-- Exercise directions --
From the line containing "LEATHER BAREFOOT CAGE" to the end of the records below, output each line exactly; include both ends and nothing else.

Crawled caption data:
________________________

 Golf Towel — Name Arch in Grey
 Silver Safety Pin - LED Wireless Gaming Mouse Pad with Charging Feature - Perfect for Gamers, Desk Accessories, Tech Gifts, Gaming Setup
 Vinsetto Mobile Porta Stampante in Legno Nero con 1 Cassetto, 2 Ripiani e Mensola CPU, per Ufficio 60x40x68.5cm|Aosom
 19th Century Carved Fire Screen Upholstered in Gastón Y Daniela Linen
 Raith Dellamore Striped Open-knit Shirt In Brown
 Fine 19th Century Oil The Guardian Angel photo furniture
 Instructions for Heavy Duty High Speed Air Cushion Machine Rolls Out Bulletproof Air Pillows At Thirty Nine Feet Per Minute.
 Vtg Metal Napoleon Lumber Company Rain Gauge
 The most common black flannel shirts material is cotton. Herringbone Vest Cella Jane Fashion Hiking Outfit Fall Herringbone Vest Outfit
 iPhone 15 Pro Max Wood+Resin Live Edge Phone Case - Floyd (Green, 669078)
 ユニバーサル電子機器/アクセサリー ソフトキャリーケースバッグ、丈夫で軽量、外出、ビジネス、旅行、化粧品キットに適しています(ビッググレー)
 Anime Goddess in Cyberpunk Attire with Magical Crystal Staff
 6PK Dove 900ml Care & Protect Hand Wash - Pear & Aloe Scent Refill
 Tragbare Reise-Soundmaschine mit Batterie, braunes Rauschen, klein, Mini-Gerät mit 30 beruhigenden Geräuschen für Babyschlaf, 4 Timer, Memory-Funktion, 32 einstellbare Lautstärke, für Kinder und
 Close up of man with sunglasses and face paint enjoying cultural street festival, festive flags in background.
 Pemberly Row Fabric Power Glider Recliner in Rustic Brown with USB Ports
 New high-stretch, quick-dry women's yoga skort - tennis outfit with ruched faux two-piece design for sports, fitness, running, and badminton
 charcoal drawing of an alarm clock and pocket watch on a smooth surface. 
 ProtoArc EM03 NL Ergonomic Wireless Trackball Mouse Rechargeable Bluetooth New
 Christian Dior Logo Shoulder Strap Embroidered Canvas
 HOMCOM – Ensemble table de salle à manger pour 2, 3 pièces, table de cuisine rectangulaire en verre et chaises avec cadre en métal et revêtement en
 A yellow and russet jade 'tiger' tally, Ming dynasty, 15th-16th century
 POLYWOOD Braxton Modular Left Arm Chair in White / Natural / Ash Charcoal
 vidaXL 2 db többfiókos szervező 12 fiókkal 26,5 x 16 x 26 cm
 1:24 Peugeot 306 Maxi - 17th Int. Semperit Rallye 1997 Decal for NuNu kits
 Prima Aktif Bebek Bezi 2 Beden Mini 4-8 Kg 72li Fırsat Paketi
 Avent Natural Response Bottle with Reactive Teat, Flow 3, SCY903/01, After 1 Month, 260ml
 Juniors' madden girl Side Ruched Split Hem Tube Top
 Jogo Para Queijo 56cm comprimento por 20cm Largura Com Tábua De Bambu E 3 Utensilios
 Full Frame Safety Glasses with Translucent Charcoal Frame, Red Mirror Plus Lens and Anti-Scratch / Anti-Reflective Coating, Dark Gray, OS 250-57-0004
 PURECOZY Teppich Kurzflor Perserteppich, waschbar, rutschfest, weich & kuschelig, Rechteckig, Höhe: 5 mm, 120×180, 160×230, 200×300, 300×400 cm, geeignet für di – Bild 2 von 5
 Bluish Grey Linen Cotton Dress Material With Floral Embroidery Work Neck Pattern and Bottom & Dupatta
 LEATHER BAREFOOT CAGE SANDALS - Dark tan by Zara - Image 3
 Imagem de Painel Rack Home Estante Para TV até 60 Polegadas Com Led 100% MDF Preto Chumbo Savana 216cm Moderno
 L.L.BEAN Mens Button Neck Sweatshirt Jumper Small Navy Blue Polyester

________________________

-- The answer --
 LEATHER BAREFOOT CAGE SANDALS - Dark tan by Zara - Image 3
 Imagem de Painel Rack Home Estante Para TV até 60 Polegadas Com Led 100% MDF Preto Chumbo Savana 216cm Moderno
 L.L.BEAN Mens Button Neck Sweatshirt Jumper Small Navy Blue Polyester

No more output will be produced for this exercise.